But dude, I hear today’s happening young person whine, the book is like out of print and Iggy will collect like no royalties from my purchase on the secondhand market. Pull your pants up, junior, because this lame attempt to shirk your duty only brings us to an even more compelling reason: on Amazon, a used copy of the original 1982 edition is now cheaper than the reprint published by Henry Rollins’ 2.13.61 (pictured above). That’s two compelling reasons right there, without even mentioning the content of the book.

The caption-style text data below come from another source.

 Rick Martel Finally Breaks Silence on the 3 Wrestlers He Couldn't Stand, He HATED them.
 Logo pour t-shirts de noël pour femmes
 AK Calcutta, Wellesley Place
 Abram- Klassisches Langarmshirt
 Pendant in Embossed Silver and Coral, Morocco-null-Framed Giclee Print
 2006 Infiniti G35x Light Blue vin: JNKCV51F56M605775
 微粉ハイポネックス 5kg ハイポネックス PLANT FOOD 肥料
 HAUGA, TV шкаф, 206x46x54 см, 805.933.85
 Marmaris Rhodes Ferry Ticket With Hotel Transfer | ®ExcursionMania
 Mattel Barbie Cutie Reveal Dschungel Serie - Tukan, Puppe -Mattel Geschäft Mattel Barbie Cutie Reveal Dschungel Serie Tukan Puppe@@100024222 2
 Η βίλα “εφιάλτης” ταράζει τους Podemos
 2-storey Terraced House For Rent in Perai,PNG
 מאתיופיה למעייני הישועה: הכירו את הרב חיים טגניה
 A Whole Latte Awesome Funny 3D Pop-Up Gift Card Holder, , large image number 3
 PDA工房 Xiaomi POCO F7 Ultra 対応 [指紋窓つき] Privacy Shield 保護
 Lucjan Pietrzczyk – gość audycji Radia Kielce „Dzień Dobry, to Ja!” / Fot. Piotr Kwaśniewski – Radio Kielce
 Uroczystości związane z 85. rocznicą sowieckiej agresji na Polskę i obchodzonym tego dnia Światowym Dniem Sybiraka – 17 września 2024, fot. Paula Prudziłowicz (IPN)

Among the treasures that await you inside this handsome volume is a high quality, suitable-for-framing reproduction of Iggy’s closest childhood friend, the “imaginary Mexican.” (Sorry, that’s a lie—the portrait, reproduced in the margins of the book, is actually the size of a large postage stamp.) During his asthma-haunted childhood in the Osterberg family trailer, stoned on Quadrinol, Iggy fantasized about a life of high adventure on the Brazos or somewhere with this bandoliered character:
 

 

As a kid I had a character in my brain. I drew him over and over and over. He was my imaginary Mexican; well, you look at him and figure it out for yourself.

 
You’ll notice that the rude health of the imaginary Mexican’s right side (from his point of view) compensates for his withered left side, and that he has one great birdlike talon exploding through the toe of each shoe. Does the body’s muscular right side indicate a left-brain predominance? I’m no doctor, but I’m pretty sure the boy was destined for greatness if this righteous dude was his ideal playmate.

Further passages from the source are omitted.